The WebEx iPad app is capable of initiating and hosting meetings and videoconference sessions, but it’s a bit of a pain. The app has a button for signing in, but logging in requires an email address and password; make sure to set that up on the WebEx site in advance.

Once I was able to log in to the iPad app, starting a meeting was less than intuitive. After tapping around, I finally figured out that I just had to tap the plus-sign button (+) to add a new meeting, and then tap the Start button. Once the session had launched, I was able to invite other attendees and videoconference from the iPad. However, I couldn’t find any way to add or share content from the device. All I could do was pass off the presenter role to someone using a PC so they could share content with the attendees.

Videoconferencing is respectably smooth, but the desktop content you’re sharing can be a bit slow to refresh.

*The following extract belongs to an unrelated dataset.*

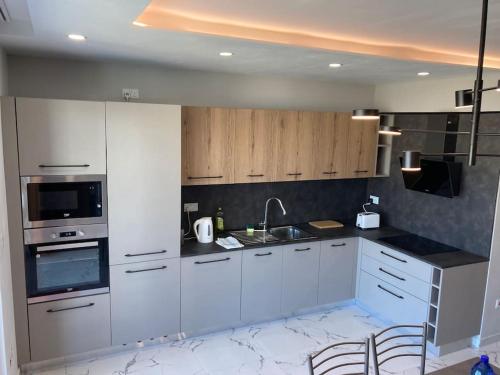 Sliema 2 Bedroom Apartment — 4-Star Luxury Hotel in Sliema, Malta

The presenter has to pause for two or three seconds after changing slides or moving to a new webpage to let iPad attendees catch up.

Conclusion

These three are not the only options available. For one-on-one videoconferences, Apple’s FaceTime is an obvious and straightforward choice—but it doesn’t work over cellular connections and it requires that both users be connected over a Wi-Fi network. But for bigger meetings, any one of the other three will do the trick. If you’re hosting, Fuze Meeting stands out as an impressive platform for online meetings and videoconferencing; it’s easy to use and cost effective. The nice thing is that these apps are free, so you can have them all on your iPad just in case.